Got the new pull cord on and it runs pretty good. Now just gotta put on all the plastics. Starts on the first couple of pulls. Pulled the plug on it and it looks really new. Now just need snow to use it. We'll spent $30.


----------



## micah68kj (Oct 8, 2011)

Whitebassbenny said:


> Got the new pull cord on and it runs pretty good. Now just gotta put on all the plastics. Starts on the first couple of pulls. Pulled the plug on it and it looks really new. Now just need snow to use it. We'll spent $30.


Good deal.


----------



## greatwhitebuffalo (Feb 11, 2014)

Whitebassbenny said:


> I just got a ccr2000 for $30 and it's a 2 stroke. It runs 50:1 but what oil is the best for it? Can I just run car oil or 2 stroke oil from lowes or Home Depot?
> 2 strokes are new to me so I'm kinda lost. Anything I can do to tune up the blower to?
> 
> Thanks
> ...


 
the best 2 stroke mixing oil I ever used was AMSOIL 2 stroke, and I still use it in my chain saws as needed.
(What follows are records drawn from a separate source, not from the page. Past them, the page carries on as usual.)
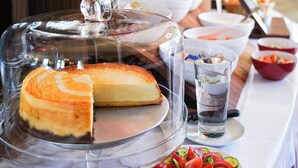 A buffet table with a cheesecake, a plate of sliced tomatoes, and various bowls of food.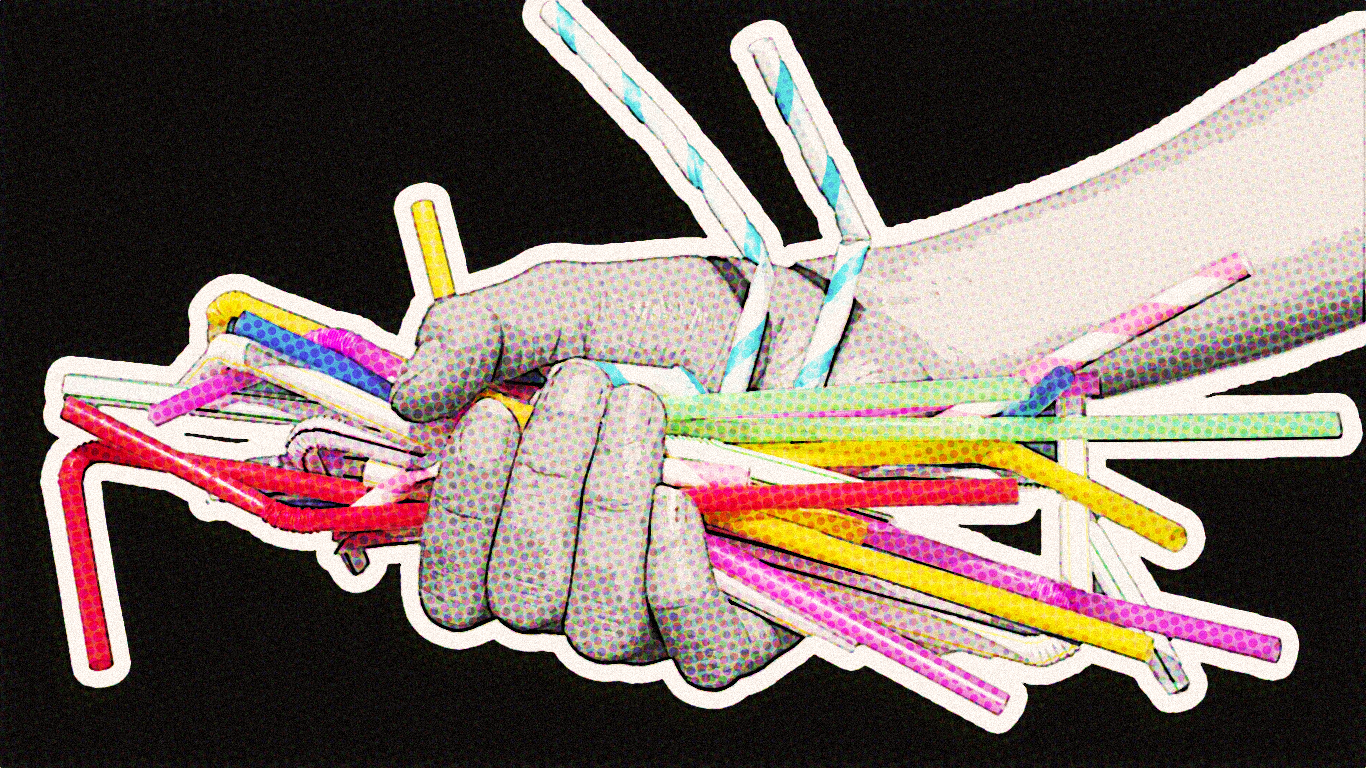 A hand holding plastic drinking straws.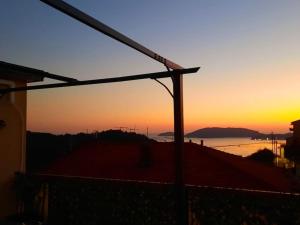 La Terrazza sul Golfo dei Poeti tra Lerici e le Cinque Terre في Pitelli: غروب الشمس على الماء مع ضوء الشارع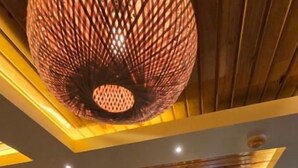 A modern dining area with a wooden ceiling, recessed lighting, and a view into the adjacent room. - White Dove Luxurious Boutique Hotel (Mikir Para Chakardoi)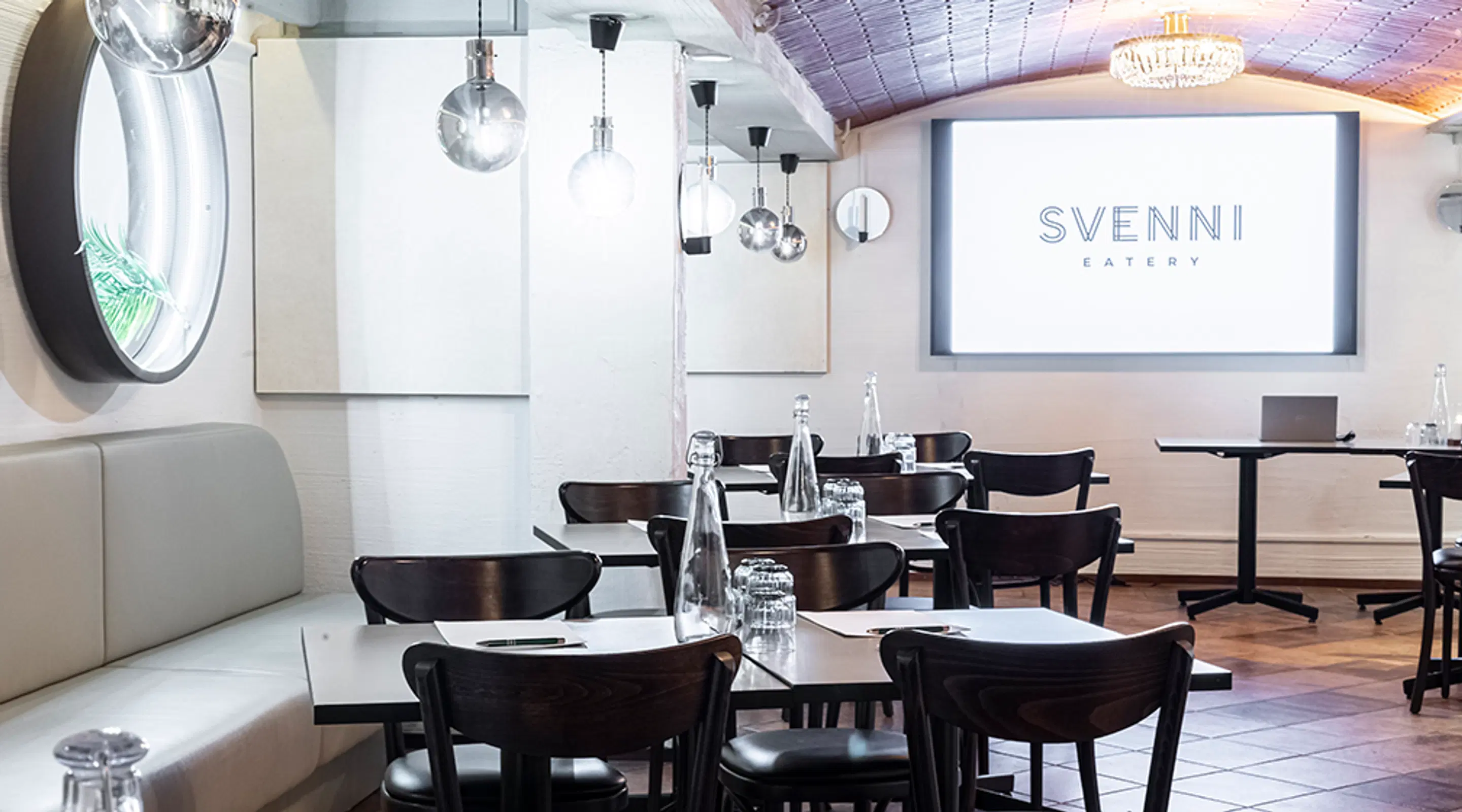 Moderni ravintolan sisätila valkeilla seinillä, mustilla tuoleilla ja tummalla laattalattialla. Kattokruunu ja erilaiset valaisimet luovat tunnelmaa.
It's concentrated and 100:1 mix, doesn't foul the plugs, doesn't smoke hardly at all. It comes in little 8 oz bottles if memory serves. The stuff is simply the best.


----------



## superedge88 (Nov 26, 2013)

greatwhitebuffalo said:


> the best 2 stroke mixing oil I ever used was AMSOIL 2 stroke, and I still use it in my chain saws as needed. It's concentrated and 100:1 mix, doesn't foul the plugs, doesn't smoke hardly at all. It comes in little 8 oz bottles if memory serves. The stuff is simply the best.


That's what I use in my chainsaws.


----------



## SlowRider22 (Oct 17, 2013)

I run a lawn care business here in my neck of the woods, been doing so for the past 7 years...other than the mowers, all my equipment is 2-stroke. I have tried many different brands of oil for those machines and I can confidently say that Stihl 2-stroke Synthetic is top on my list. They also make a conventional oil that works great, too. I only opt for the synthetic solely because of the abuse that machines endure every day.

Your ccr2000 will certainly be stressed if you get a lot of snow, so I'd recommend using the better name-brand than the other stuff that is on the shelf.

I think it was already mentioned, but when you mix your gas and oil you should toss in a little bit of stabilizer just to be on the safe side


----------